Not that I think it is a case of riff stealing, rather coincidence, but I'm currently spooked at how similar the first 4 notes of The Church's "An Interlude" sound similar to the first 4 notes of Blood Money.
Well, they are the same 4 notes, but the whole sound is VERY similar…
It's true that the resemblance is shocking, they're not just the same 4 notes, but the same 4 notes played the same way! It's not as if there was on one hand these 4 notes played quickly on an electric guitar and on the other and, the same ones played quietly on a bassoon...
And so THAT's why Gouge Away felt so familiar!
But to be honest, I'm starting to think that so much music has been written that it's hard to write something that doesn't sound, even just a little, like anything else.

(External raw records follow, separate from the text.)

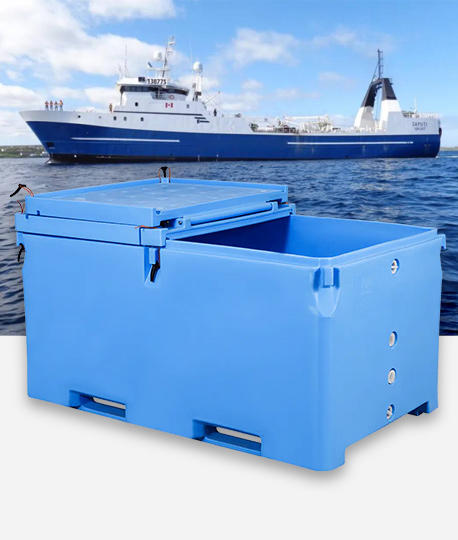 حاويات التخزين المعزولة مهمة في تجميد المأكولات البحرية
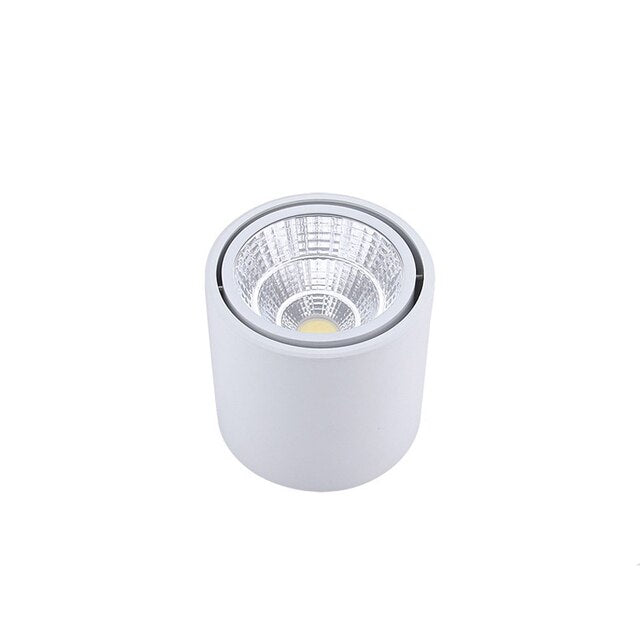 LED downlight COB spotlight Dimmable 110V 220V 7W 9W12W 20W 24W adjustable angle aluminum surface mounted light indoor lighting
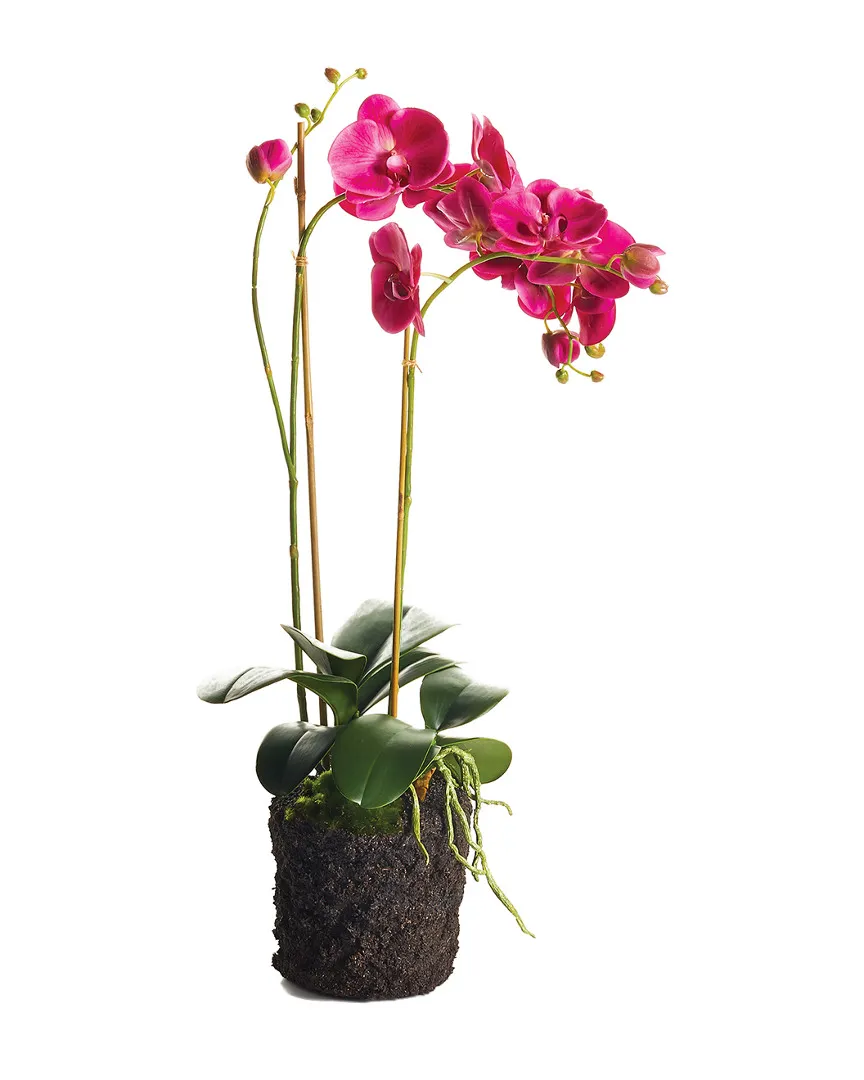 Phalaenopsis Drop-in - Fuchsia image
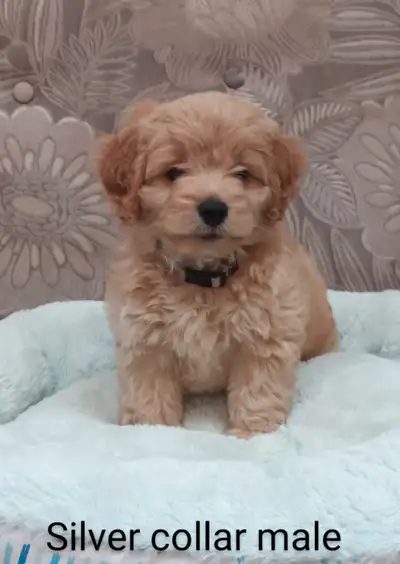Adorable Cockapoo Puppies, View more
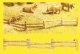 Uneven Field Fence - Kit -- 12 Pieces, Total Length: 26′ 66cm, N, Noch Gmbh & Co 33030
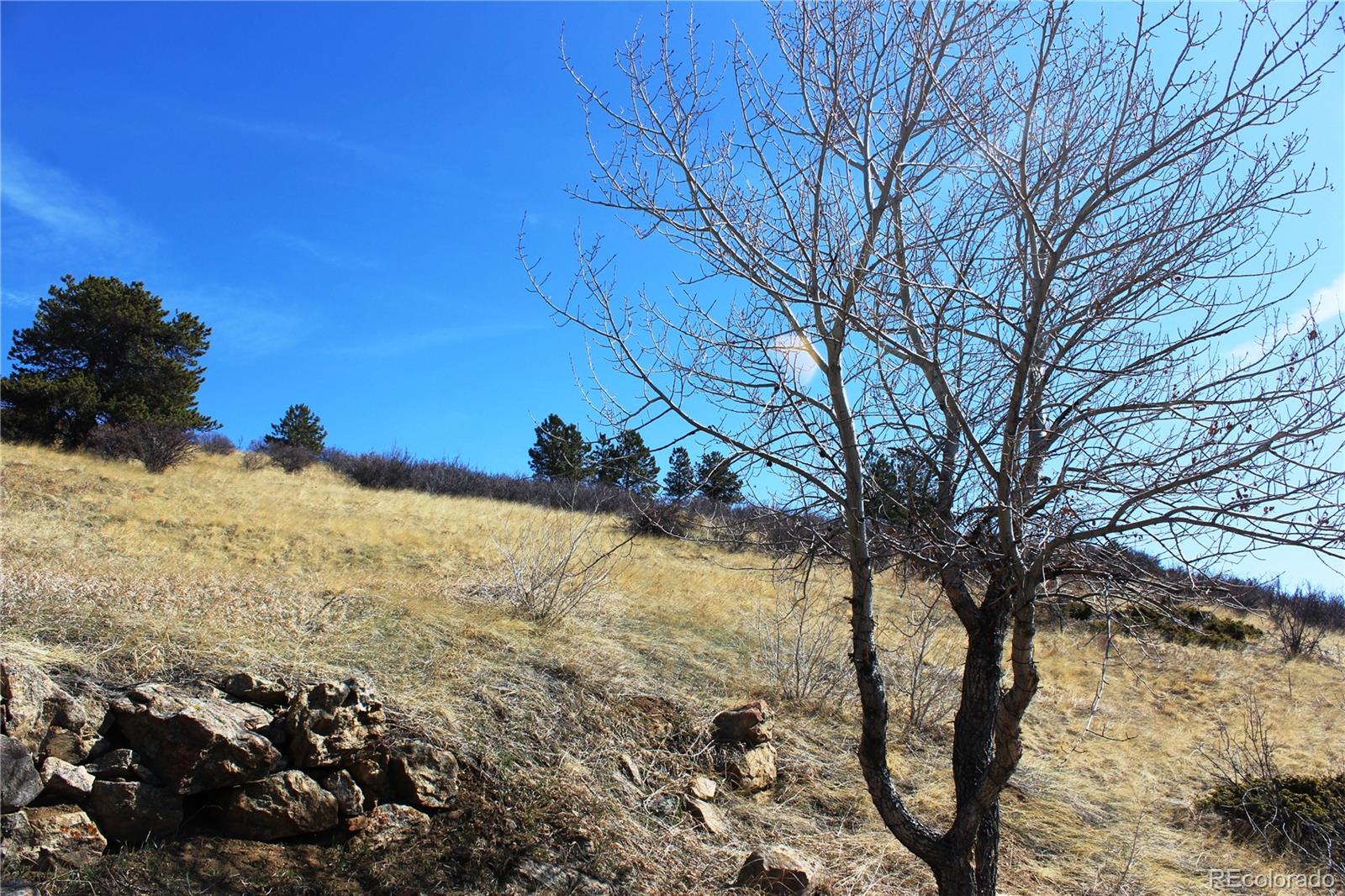 Lot 11 E Seventh Street Central City CO 80427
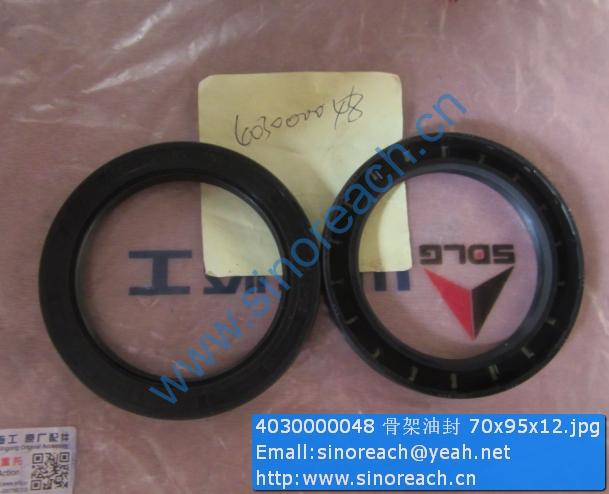 4030000048 骨架油封 70x95x12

Lancer_MiG wrote:It's true that the resemblance is shocking, they're not just the same 4 notes, but the same 4 notes played the same way! It's not as if there was on one hand these 4 notes played quickly on an electric guitar and on the other and, the same ones played quietly on a bassoon...
And so THAT's why Gouge Away felt so familiar!
But to be honest, I'm starting to think that so much music has been written that it's hard to write something that doesn't sound, even just a little, like anything else.